その後、アメリカは直接介入せず、武器を供与することで、ウクライナを代理戦争国としてロシアと戦わせてきた。しかし、武器や情報だけでは勝ち目はなく、気がつけば1000日の戦争の中で、もっとも重要なドンバス地域を占領され、戦争は負け戦である。
西欧諸国は、あたかも下がり続ける株がいつかは上がることを期待し株を買い続ける投資家のように、かすかな期待でウクライナを支持し続けた。NATOは威信の低下を恐れ、敗北を認めることなく、泥沼にはまっていったのである。
トランプの即時停戦案
定かではないが、伝え聞くところによると、トランプは即時停戦案として、イーロン・マスクを使った思い切った提案に出るようである。ロシアとの間にアメリカの関与しない1300キロメートルの緩衝地帯(非軍事的)を置き、その地域の管理についてはNATOのヨーロッパ諸国に委任する。
そして、アメリカは武器や財政支援などいっさいせず、ロシアの占領地は、そのままロシアとするというものである。そしてウクライナのNATO入りは、当面なしということだ。

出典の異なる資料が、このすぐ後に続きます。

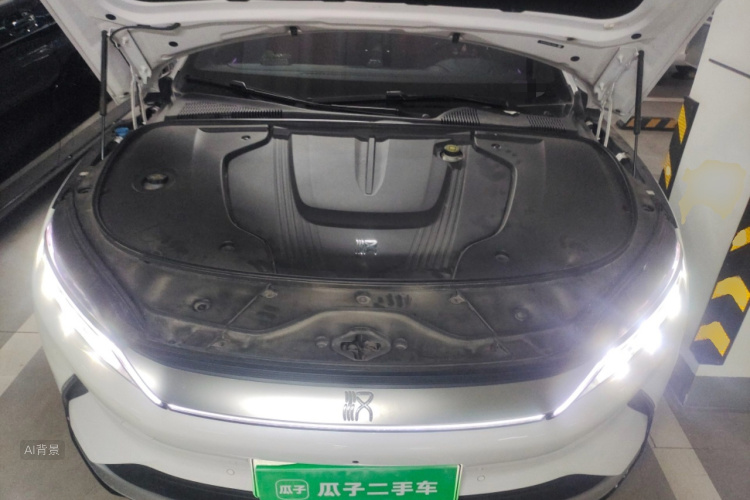 BYD Han 2021 imagen de coche #22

こうした提案は、ゼレンスキーが主張している勝利プランと真っ向から対立する。ゼレンスキーからすれば、戦争がアメリカがけしかけて始まったにもかかわらず、いつのまにその火付け役が逃げでしまったという気持ちであろう。
ゼレンスキーの勝利プランでは、いまだにドンバス、クリミア地域などはウクライナであり、モスクワ攻撃も含めた全面的攻撃が考えられている。

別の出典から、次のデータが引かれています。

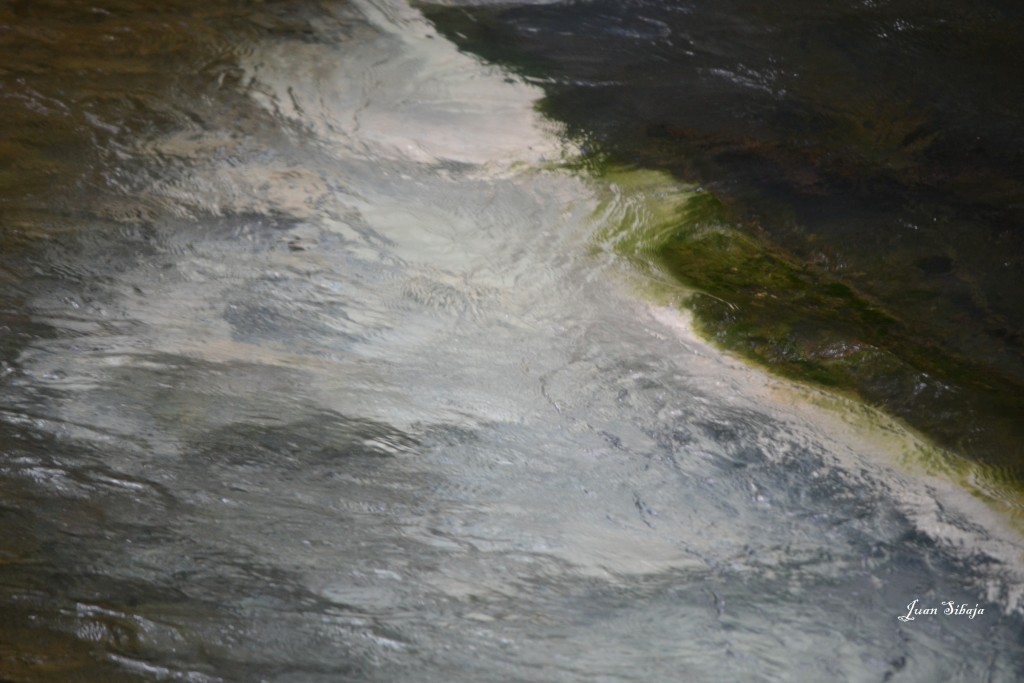 Foto de San carlos, Rio Celeste (Alajuela), Costa Rica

現状からいって、ゼレンスキーの勝利プランで突き進むとすれば、NATOを巻き込む全面戦争しかないであろう。そうすると、第3次世界大戦となる。それを避けるならば、ウクライナのロシアへの領土割譲なども含めた一種の降伏という形で、ロシアと停戦にこぎ着けるしかないであろう。
バイデン政権すらモスクワ攻撃を行う意志は持っていなかった以上、ウクライナには戦争以前の領土を確保するという勝利プランを実現する可能性はほとんどない。